Islam et démocratie : la Turquie interroge l'Union européenne
La victoire des « islamistes modérés » du parti de la Justice et du Développement (AKP) aux législatives de novembre pose deux questions majeures : l'islam est-il soluble dans la démocratie ? Un pays dont le gouvernement se réfère à l'islam, fût-il démocratique, est-il soluble dans l'Union européenne ?
En un sens, les Turcs ne font pas exception. De même que les électeurs d'autres pays musulmans où se sont déroulés des scrutins relativement honnêtes au cours du second semestre 2002 – Pakistan, Algérie, Maroc, Bahreïn... –, ils ont propulsé au pouvoir des « islamistes modérés », selon une expression en vogue en Occident, c'est-à-dire des politiciens qui se réfèrent au message coranique tout en acceptant le jeu démocratique. Grâce à une loi électorale très restrictive, où seules les formations ayant obtenu plus de 10 % des voix étaient admises à prendre place dans l'hémicycle, le parti de la Justice et du Développement (AKP), grand vainqueur des élections législatives, s'est octroyé 364 des 550 sièges du Parlement turc, avec seulement 34 % des voix. Tandis que le parti républicain du Peuple (CHP), créé par Mustafa Kemal Atatürk lors de la fondation de la Turquie moderne en 1923, s'adjugeait tous les autres sièges avec seulement 19 % des suffrages exprimés.

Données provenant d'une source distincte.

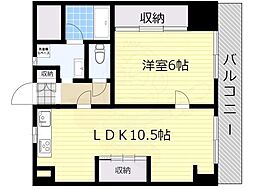 リヴァク栗東 1LDKの間取図画像
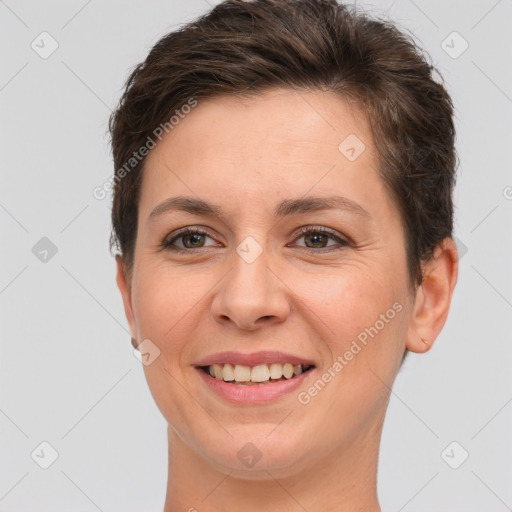 Joyful white young-adult female with short  brown hair and brown eyes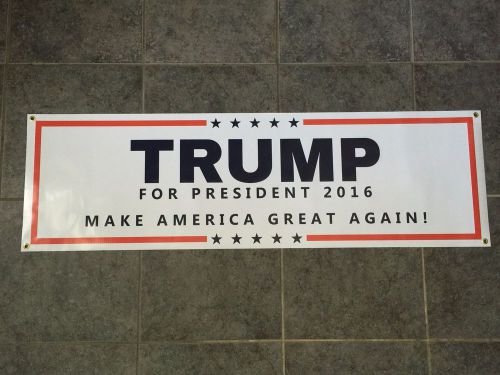 Trump president 2016 banner sign fence wall rally election gop republican usa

Inquiétudes au sein de l'UE
Les partis de la coalition précédente sont balayés. La formation du Premier ministre sortant, Bülent Ecevit, ne recueille qu'un peu plus de 1 % des voix, payant notamment pour une crise économique qui a vu le PIB décroître de 9,4 % en 2001, la monnaie perdre la moitié de sa valeur par rapport au dollar et le nombre de chômeurs grimper à deux millions. Le vote prend d'autant plus l'allure d'une sanction que l'État turc moderne a toujours affirmé la laïcité comme une de ses valeurs phares. À tel point qu'en juin 1997, l'armée avait contraint Necmettin Erbakan, Premier ministre issu du parti islamiste Refah, à la démission. Et que Recep Tayyip Erdogan, actuel leader de l'AKP et ancien maire d'Istanbul, avait été condamné à dix mois de prison et à l'inégibilité définitive pour avoir lu en public, en 1997, un poème jugé « islamiste ».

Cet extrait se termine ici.